Database management is not a singular entity; rather, it’s a series of actions (and for some, a dedicated system) that controls business data during the lifecycle. As data grows, businesses have found that database management is a necessity in manipulating this influx to prevent poor application performance and reduce any impact to compliance and continuity.
There are several techniques and actions under the umbrella of “database management” that a business can take to reduce or prevent the negative impacts of exponential, uncontrolled data growth.
Below is a list of some common, protective database management tasks:
Monitoring the performance of applications and their data and tuning as needed
Planning for storage and capacity growth requirements
Establishing a powerful backup and disaster recovery solution
Archiving, partitioning, replicating, and masking data
Whereas database management is a series of best practices, a database management system (DBMS) refers to a software-defined system that manages databases. Common database management systems include Microsoft Access and FileMaker Pro. In this system, users have control over the data in a database and are able to read, update, create, and delete data as needed. A database management system behaves as an interface, offering end users access to their databases and enabling them to organize and access the data as needed.

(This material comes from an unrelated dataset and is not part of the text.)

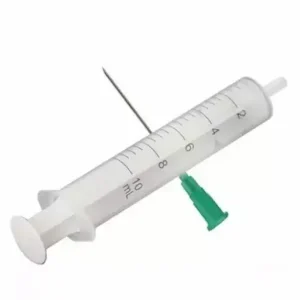 سرنگ 10cc دو تکه سرسوزن 21-22 لوئر اسلیپ 4545454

A database management system is responsible for managing the data, the engine that allows users to access the data within the database, and what is known as the database schema, the organizational structure of a database. Together, a DBMS delivers security and ensures data integrity, but some systems are even used to deliver automated rollbacks and restart, log, and audit activity within a database.

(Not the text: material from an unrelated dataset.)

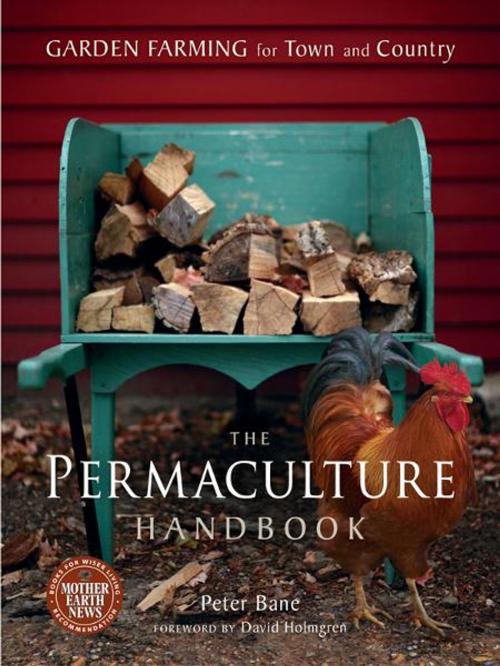 Cover of the book The Permaculture Handbook by Peter Bane, New Society Publishers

Database management systems can be categorized into various types:
A centralized system where all the data lives in a single location, and users can access that location to manipulate the data.

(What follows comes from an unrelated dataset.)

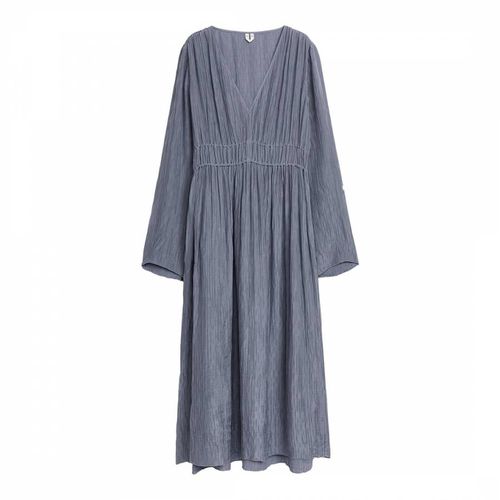 Washed Blue Boho Dress - ARKET - Modalova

A distributed system where the data lives in various nodes.
A federated system is able to provision data without source data duplication. This category can be further split into two subcategories:
A loosely coupled database requires access to other component databases.
A tightly coupled database uses independent processes to work into a federated system.
Blockchain database systems manage transactions, financial and otherwise.
Put simply, a database manager and their team are responsible for ensuring the health and performance of a business’s databases. Using best practices like the ones outlined above ensures organizational databases run as they should. However, operating with a database management system (DBMS) provides much-needed control and visibility.
In a nutshell, a database management system works as follows: It organizes your database files and provides end users more access and control over their data. To accomplish this, A DBMS allows users to manipulate the data in their database files, including creating, editing, and updating it when needed. From there, a DBMS can store and retrieve said data from the database.
A DBMS provides 5 main functions:
Granting multiple users concurrent access to a single database.
Establishing and maintaining security rules and user access rights.
Backing up data regularly and recovering it quickly should a breach occur.
Setting up database rules and standards to protect data integrity.
Providing “dictionary” definitions and descriptions of available data.
Of course, a DBMS does not replace a database manager or a database administrator. These specialists ensure the database structure runs as it should, and they can create user permissions to control who has access to the data. Together, a DBMS and a specialist can ensure quality control over the data.
The proliferation of data shows no signs of slowing down. As a result, businesses are investing in database management tasks, database managers, and database management systems to do the following:
- Keep business operations running as planned
- Keep track of customers, data inventory, and employees
- Maintain application and database performance
- Store and organize unique, varied types of data
- Automate database processes and procedures
Specifically, the benefits of a database management system are hard to ignore, especially as the amount of data people and machines create every day increases. One of the more notable benefits is improving the security of the data stored in a database. With DBMS, businesses can increase their access to data and help end users throughout the organizations share the data. As a result, these end users can deliver faster sales and make quicker decisions as they have access to the exact data they need.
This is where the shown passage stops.